Both 6-and 12-month results show benefit

The FDA approval was based on 6-month data from a prospective, multicenter, open-label randomized clinical trial published in JAMA Neurology.

Use of the 10-kHz SCS device was compared with conventional treatment alone in 216 patients with PDN refractory to gabapentinoids and at least one other analgesic class and lower limb pain intensity of 5 cm or more on a 10-cm visual analog scale.

The primary endpoint, percentage of participants reporting 50% pain relief or more without worsening of baseline neurologic deficits at 3 months, was met by 5 of 94 (5%) patients in the conventional group, compared with 75 of 95 (79%) with the 10-kHz SCS plus conventional treatment (P < .001).

Infections requiring device explant occurred in two patients in the 10-kHz SCS group (2%).

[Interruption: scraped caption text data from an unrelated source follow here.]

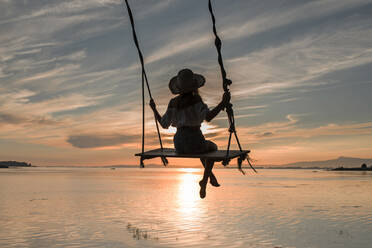 Rückansicht der Silhouette einer anonymen jungen Frau mit Hut, die auf einer Schaukel sitzt und den herrlichen Sonnenuntergang in Cambados in Spanien genießt - ADSF32978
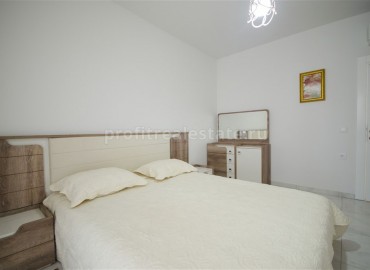 Уютная двухкомнатная квартира, с мебелью и техникой, в 150 метрах от центра аМахмутлара, Аланья ID-4936 фото-11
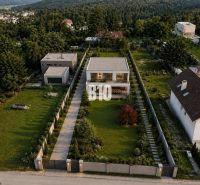 Plots - residential on Lesná Street in Stupava, surrounded by greenery and modern architecture.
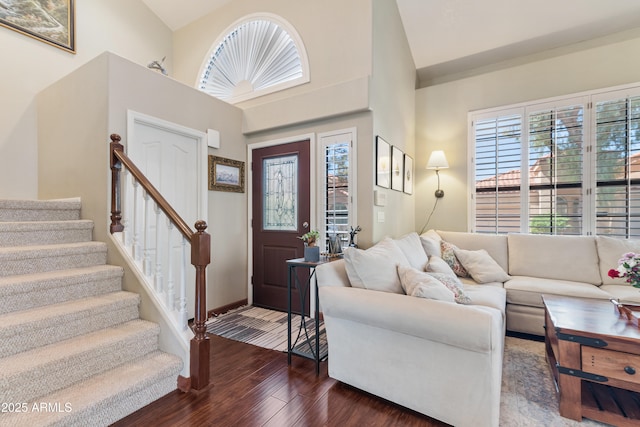 67 W Sarah Ln, Tempe, AZ 85284 - foyer with dark wood-type flooring, plenty of natural light, stairway, baseboards, and lofted ceiling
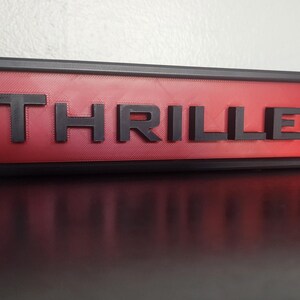 Puede incluir: Un letrero rectangular con la palabra "THRILLER" en letras negras en relieve sobre un fondo rojo. El letrero est&aacute; enmarcado en negro y descansa sobre una superficie oscura.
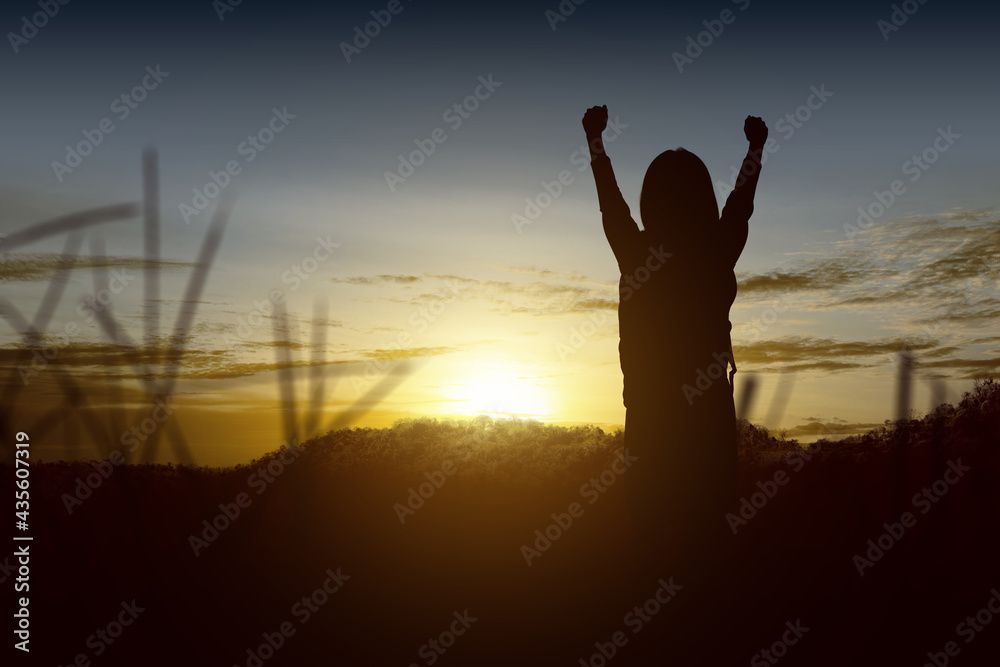 Silhouette of a little girl with a backpack with happy expression with sunset background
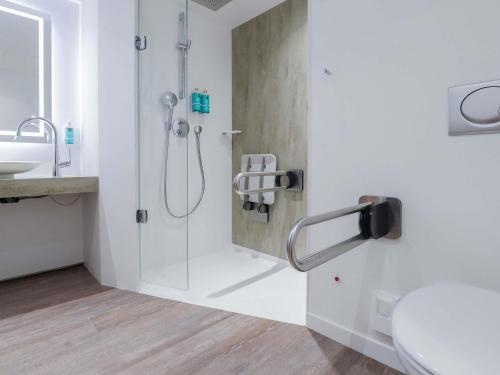 a bathroom with a shower and a toilet and a sink at Novotel Luxembourg Centre in Luxembourg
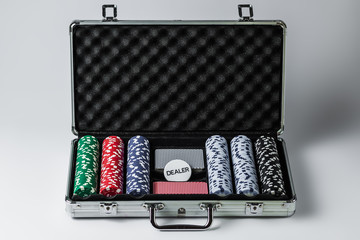 Suitcase with poker set on a light background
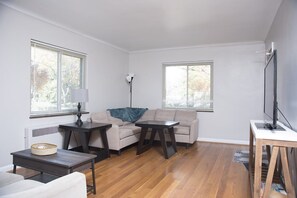 Living room with two sofas and an HD TV.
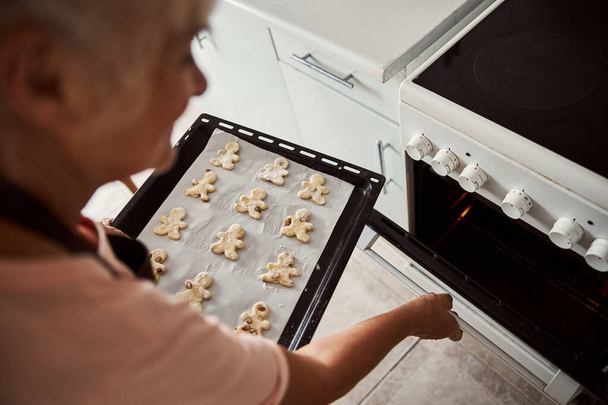 Femme âgée qualifiée sur le point de faire cuire des biscuits - Photo, image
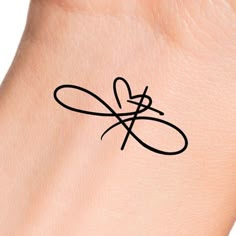 a person's wrist with a tattoo on it that has an infinite knot in the middle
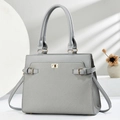 Dunkelgraue Handtasche mit Metalldrehverschluss und Doppelgriffen auf modernem Hintergrund - L33 H25 B13 / Grau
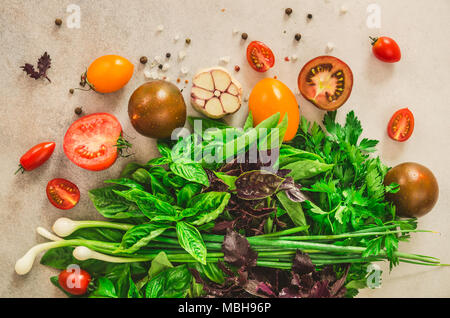 Épinards frais, l'oignon vert, le basilic, les herbes, les tomates et l'aneth sur fond de béton gris, selective focus. Vue d'en haut. Effet tonique. Ingrédients de cuisson des aliments. Végétalienne, crue, concept detox Banque D'Images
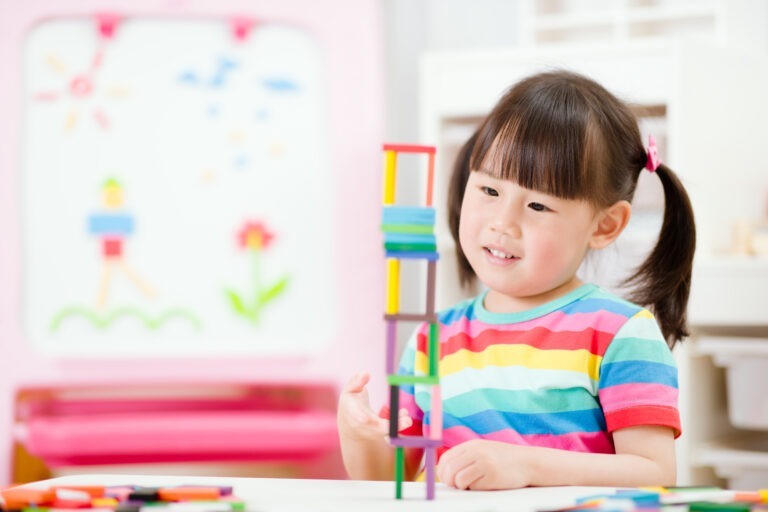 young girl play number sticks fine motor skill game for homeschooling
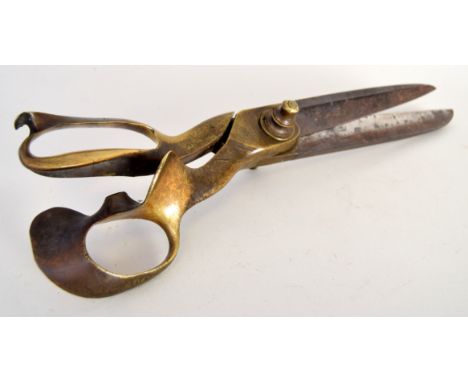 A pair of late Victorian steel end brass 14 inch drapery scissors by Wilkinson & Co., in good condition
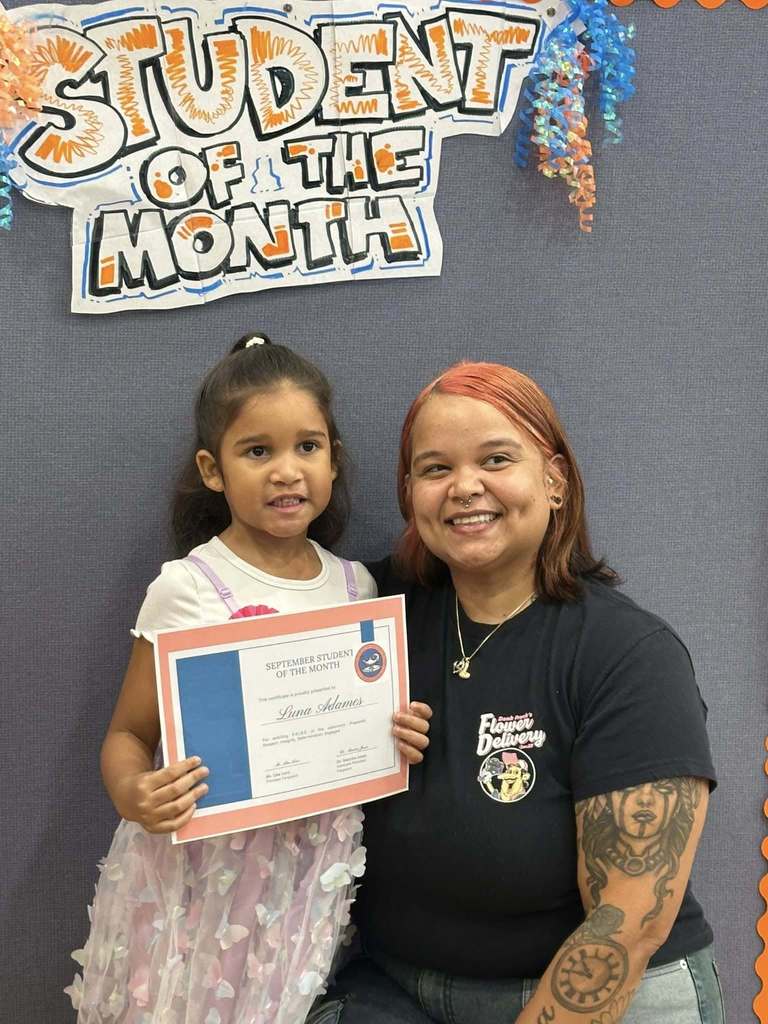 A student and an adult are smiling in front of a "Student of the Month" sign. The student is holding a certificate at Ferguson PreK-8's September Student of the Month Celebration.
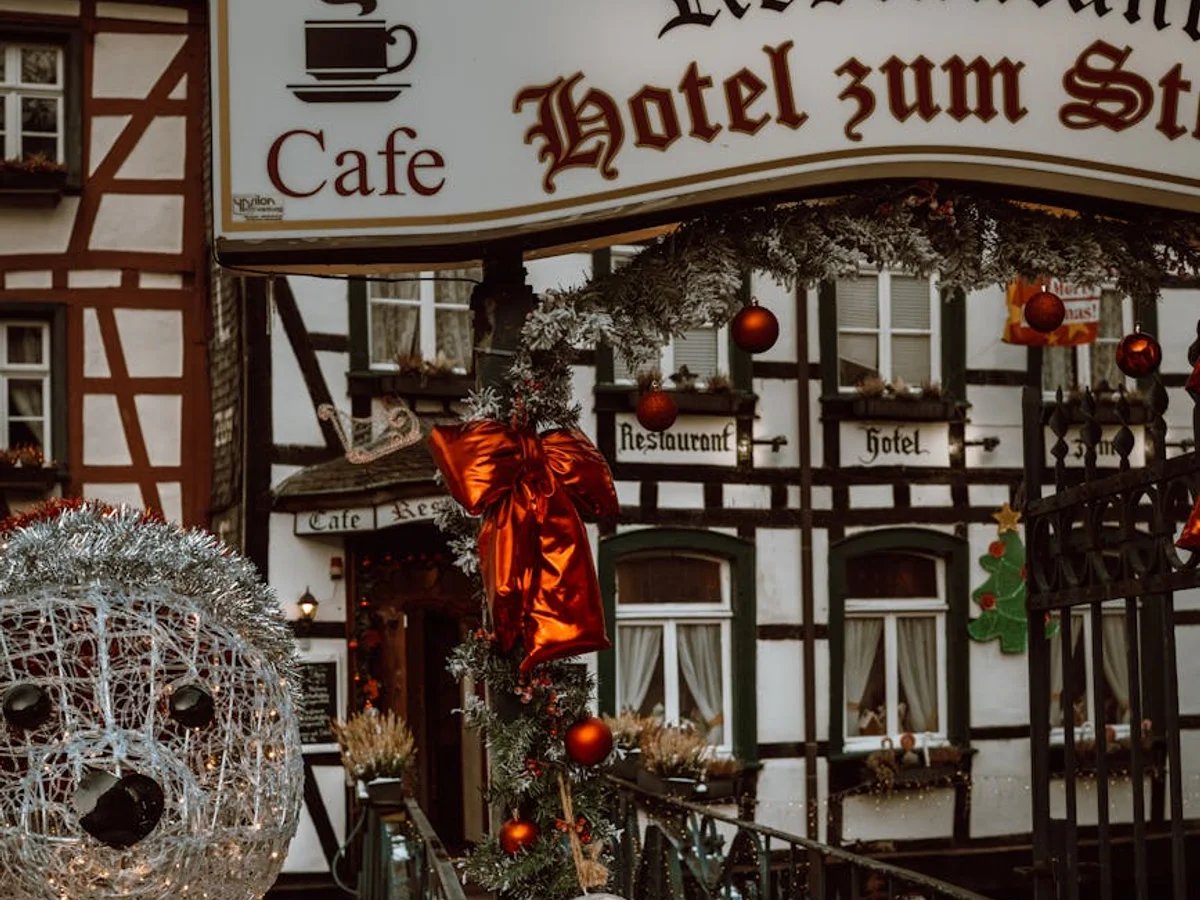 Monschau half-timbered hotel facade decorated for Christmas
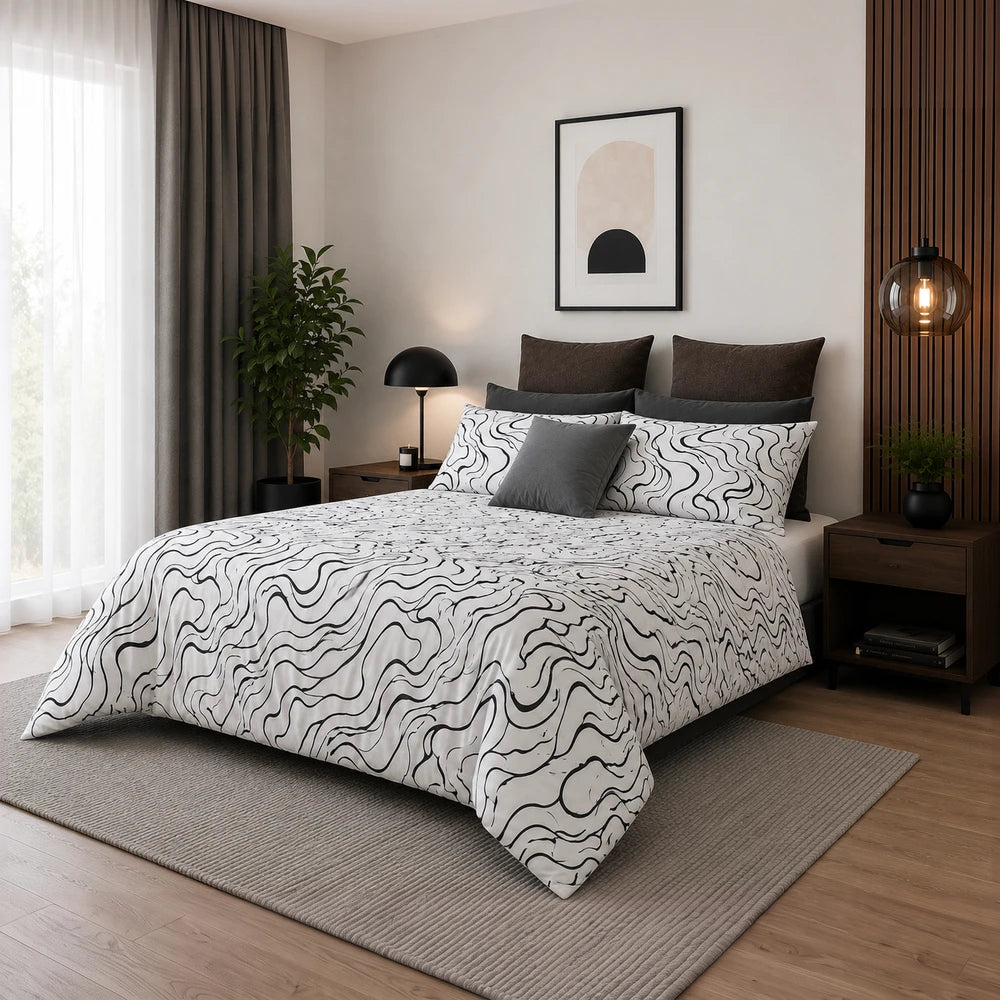 Horrockses Polycotton Duvet Cover in Curve pattern, white with black squiggle print, neatly on a bed with matching pillows.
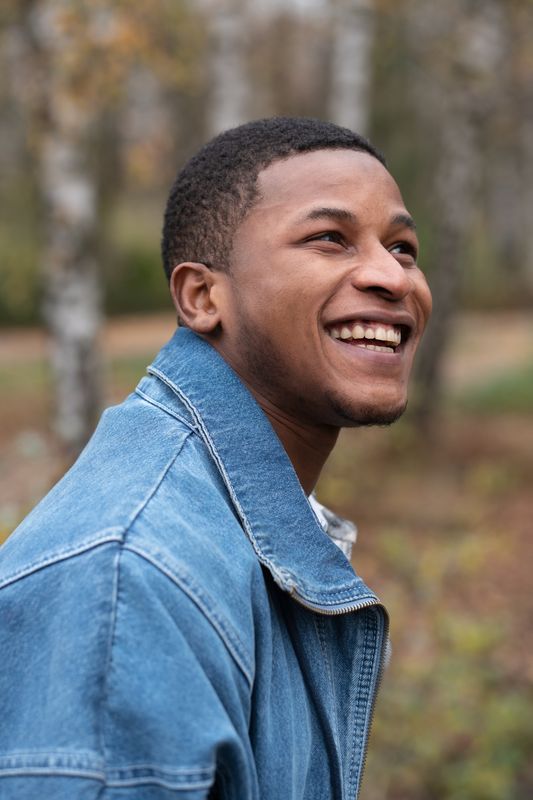 Lachender Mann in Jeansjacke, Outdoor-Portrait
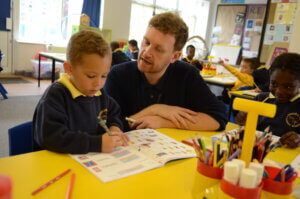 A teacher speaking to a young pupil as they write in their class book.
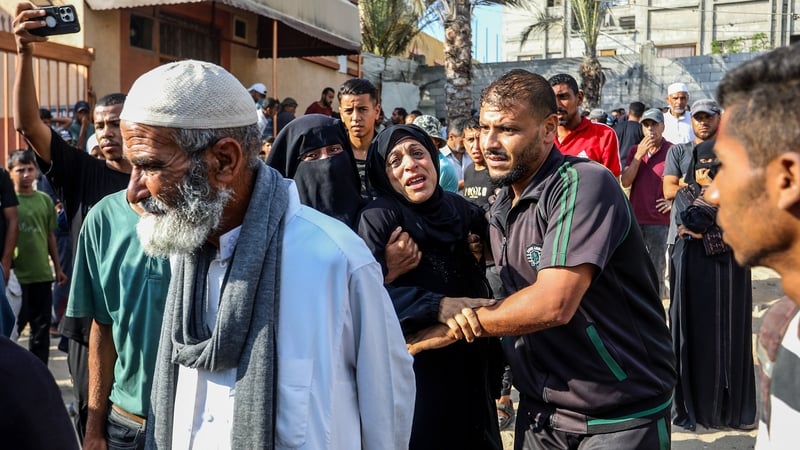 Palestinians mourn for those who were killed in an Israeli airstrike which targeted civilians waiting for aid at a US distribution point in Rafah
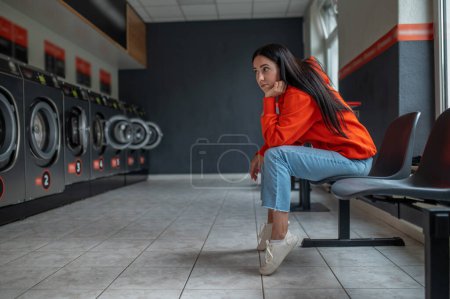Foto de Mujer aburrida y cansada con capucha naranja sentada en la lavandería automática mientras espera a que se haga la colada. - Imagen libre de derechos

At 12 months, those in the original SCS group plus 86% of subjects given the option to cross over from the conventional treatment group showed “clear and sustained” benefits of the 10-kHz SCS with regard to lower-limb pain, pain interference with daily living, sleep quality, and activity, Erika Petersen, MD, director of the section of functional and restorative neurosurgery at the University of Arkansas for Medical Sciences, Little Rock , reported at the 2021 annual scientific sessions of the ADA.

Infection was the most common study-related adverse event, affecting 8 of 154 patients with the SCS implants (5.2%). Three resolved with conservative treatment and five (3.2%) required removal of the device.

The patients will be followed for a total of 24 months.

Commercial launch of HFX in the United States will begin immediately, the company said.

Dr. Pop-Busui has received consultant fees in the last 12 months from Averitas Pharma, Boehringer Ingelheim, Nevro, and Novo Nordisk. Dr. Petersen has financial relationships with Nevro, Medtronic, and several other neuromodulator makers.